Esta argumentación no es ninguna novedad. En una entrevista en televisión hace unos años, el sociólogo Ralf Dahrendorf vinculó la creciente desconfianza ante la democracia al hecho de que, tras cada cambio revolucionario, el camino hacia una nueva prosperidad conduce a un "valle de lágrimas". Después del hundimiento del socialismo, no se puede pasar directamente a la abundancia de una economía de mercado de éxito: la seguridad y el bienestar socialistas, que aunque limitados son reales, deben desmantelarse y estos primeros pasos son necesariamente dolorosos.

En Europa Occidental ocurre lo mismo, ya que el paso del Estado del bienestar posterior a la Segunda Guerra Mundial a una nueva economía global implica renuncias dolorosas, menos seguridad, menos asistencia social garantizada. Para Dahrendorf, el problema estriba en el simple hecho de que este paso doloroso a través del "valle de lágrimas" dura más que el periodo medio entre elecciones, por lo que existe una gran tentación de posponer los cambios difíciles y dar prioridad a las ganancias electorales a corto plazo.

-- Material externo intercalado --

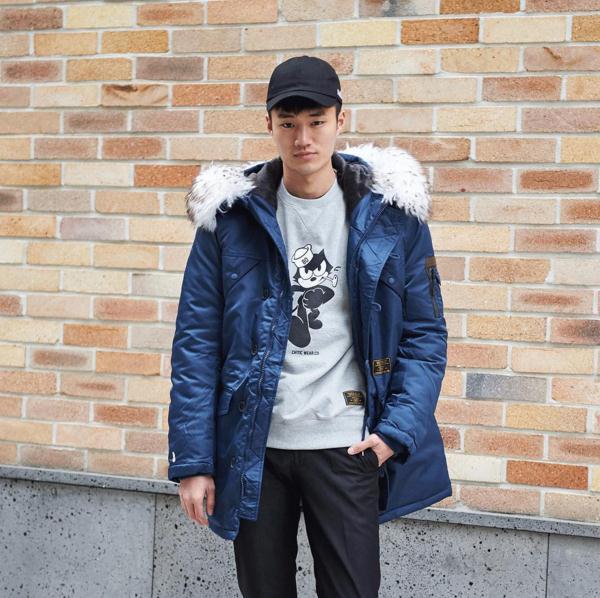 韩国街拍穿搭潮人,2021韩国男士冬季穿搭街拍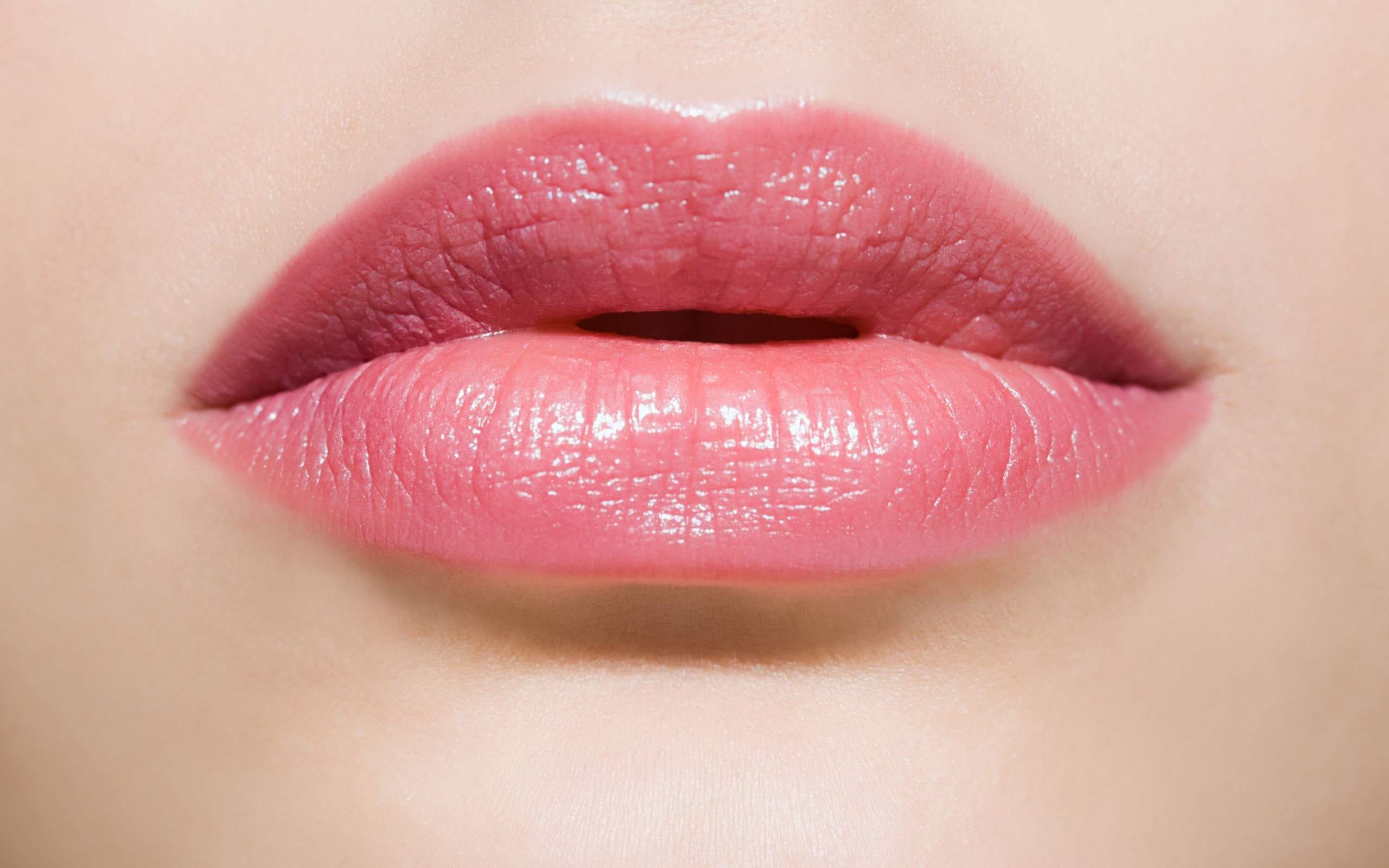 Very Smooth Lips Very Smooth Lips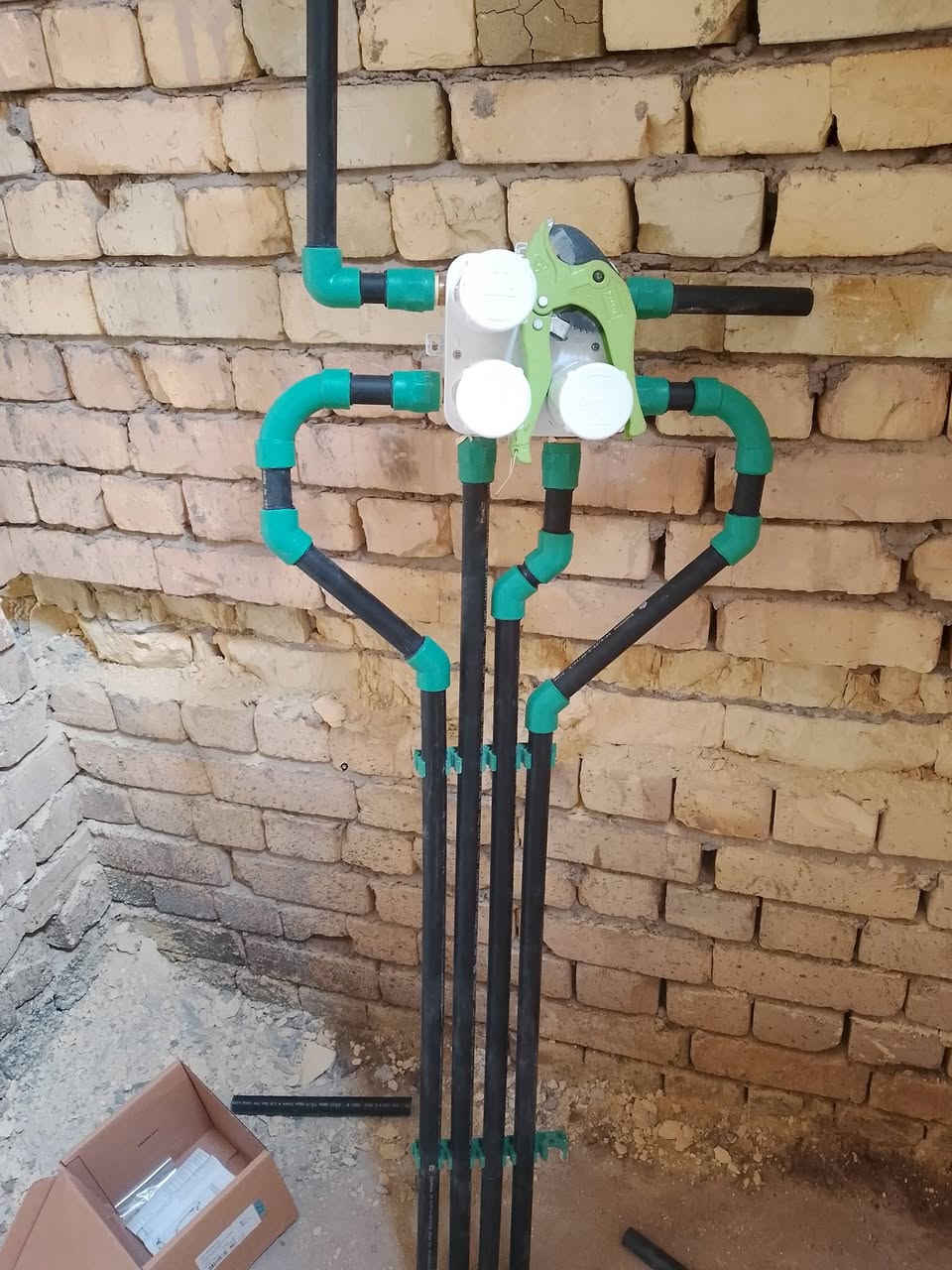 كادر تأسيسات صحيه ماء مجاري تشطيب
العمل حسب الطلب وشرط الفحص والظمان  تاسيس صحيات عامه وسحب أبي مي

يوجد لدينا جهاز سونار لكشف رطوبه وتسريبات
أسعارنه تنافسيه جدا
***********
***********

En su opinión, el paradigma es la decepción de los grandes estratos de naciones post-comunistas por los resultados económicos del nuevo orden democrático: en los días gloriosos de 1989, equiparaban la democracia con la abundancia de las sociedades consumistas occidentales; y 20 años después, al seguir sin tener esa abundancia, culpan a la misma democracia. Es una pena que Dahrendorf se centre mucho menos en la tentación opuesta: si la mayoría se resiste a los cambios estructurales necesarios en la economía, ¿no sería una de las conclusiones lógicas que, durante una década o así, una élite ilustrada asuma el poder, incluso por medios no democráticos, para aplicar las medidas necesarias y así sentar las bases de una democracia realmente estable?

Siguiendo esta línea, el periodista Fareed Zakaria señaló cómo la democracia sólo podía "arraigar" en países desarrollados económicamente. Si los países en vías de desarrollo se "democratizan prematuramente", el resultado es un populismo que acaba en una catástrofe económica y en despotismo político, por ello no es de extrañar que los países del tercer mundo económicamente más prósperos (Taiwán, Corea del Sur, Chile) aceptaran la democracia totalmente sólo tras un periodo de poder autoritario. Es más, ¿esta línea de pensamiento no aporta el mejor argumento para el régimen autoritario en China?

La novedad ahora es que, cuando la crisis financiera comenzó en 2008, esta misma desconfianza ante la democracia, antes limitada a los países del tercer mundo o a los países post-comunistas en desarrollo, ahora está ganando terreno en el propio Occidente desarrollado: lo que hace una o dos décadas era un consejo condescendiente a los demás ahora nos incumbe a nosotros mismos.

Lo mínimo que podemos decir es que la crisis demuestra que no es el pueblo, sino los mismos expertos los que no saben lo que hacen. En Europa Occidental somos testigos de la creciente incapacidad de la élite gobernante, pues cada vez saben menos cómo gobernar. Obsérvese cómo está tratando Europa la crisis griega: presionando a Grecia para que paguen sus deudas, pero al mismo tiempo arruinando su economía imponiendo medidas de austeridad y por lo tanto haciendo que la deuda griega nunca llegue a pagarse.

A finales de octubre del año pasado, el propio FMI publicó una investigación que demostraba que el daño económico producido por las medidas de austeridad agresivas podrían ser hasta tres veces más de lo que se había asumido anteriormente, por lo que invalidaba su propio consejo sobre la austeridad en la crisis de la eurozona. Ahora, el FMI admite que obligar a Grecia y a otros países acosados por las deudas a reducir sus déficits demasiado rápido podría resultar contraproducente, pero sólo después de que se perdieran cientos de miles de empleos por estos "errores de cálculo".

Y en eso reside el verdadero mensaje de las protestas populares "irracionales" en toda Europa: los manifestantes saben muy bien lo que no saben y no pretenden tener respuestas rápidas y sencillas. Pero lo que les dice su instinto es verdad: que los que están en el poder tampoco lo saben. En la Europa actual, el ciego guía al ciego.